When? It turned out that a national television network needed Yoga poses how to someone to do a follow-up story on the efforts of UNICEF on behalf of children Yoga poses how to throughout the region. We decided to angle our story on girls and young women, who were, for the first time in several years, now free to partake in their human right to receive an education along with males in the society. We arrived in Kabul on January 20, 2002. I had gone there deliberately with little expectation, because I know how a place can change over time and with familiarity.
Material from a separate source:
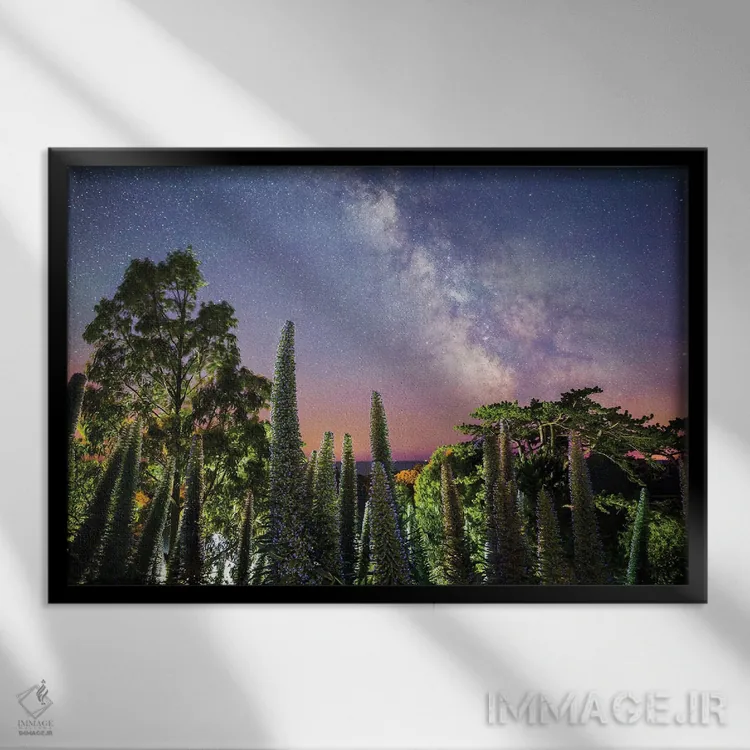 تابلو گونیکها زیر راه شیری (نوعی گیاه) اثر چاد پاول - نمای قابدار مشکی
Also, I don’t watch a lot of mainstream television so as to preserve a somewhat unbiased opinion of world events, but these days it has been nearly impossible to avoid all of the images and attitudes surrounding the events post 9/11. Coming from New York, the extremes between the ways of living were surreal. The population of Kabul hovers around four million. New York City’s is seven and a half million.
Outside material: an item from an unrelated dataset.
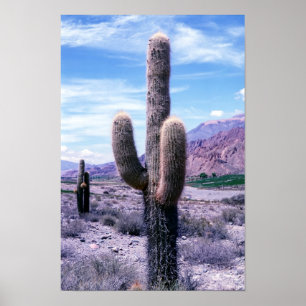 Cactus in Jujuy provincie - Noord-Argentinië. Poster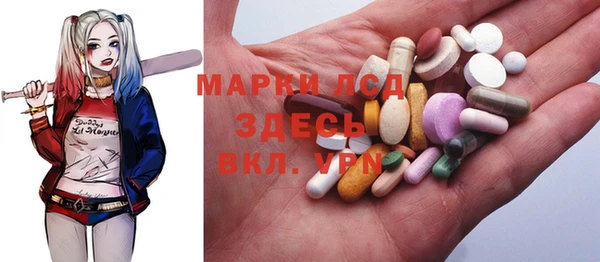 прущие грибы Снежинск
We mainly obtain our initial knowledge about yoga mainly from Brahmin scriptures called the Upanishads closely followed by the Dharma-sutras and the MahabharataI have chosen to call it early-yoga. Early-yoga took numerous forms and emerged in close interaction with various Buddhist schools. This chapter focsuses on the Upanishads and the Dharma-sutras. The Mahabharata is primarily discussed in the following chapter on Theistic yoga as central parts of it were under the influence of monotheism . Early yoga probably emerged primarily among the Kshatriyas – the ruling warrior classes – in a mixed milieu of householders and ascetic vagrants.
My aim in presenting these first yoga texts, as found in the Upanishads and the Dharmasutras, is to give first of all a critical and general – but I hope not too controversial overview of the technical meaning of yoga, as it appeared as a discourse of liberation. As a part of this, it is my aim to show how proto-yoga notions entered an Upanishad sign system and became reconfigured by a dissimilar sign world of Brahmin mysticism. This ongoing historical adaptation, re-contextualising, re-orientation or hybridisation of the yoga discourse is a central theme of this book.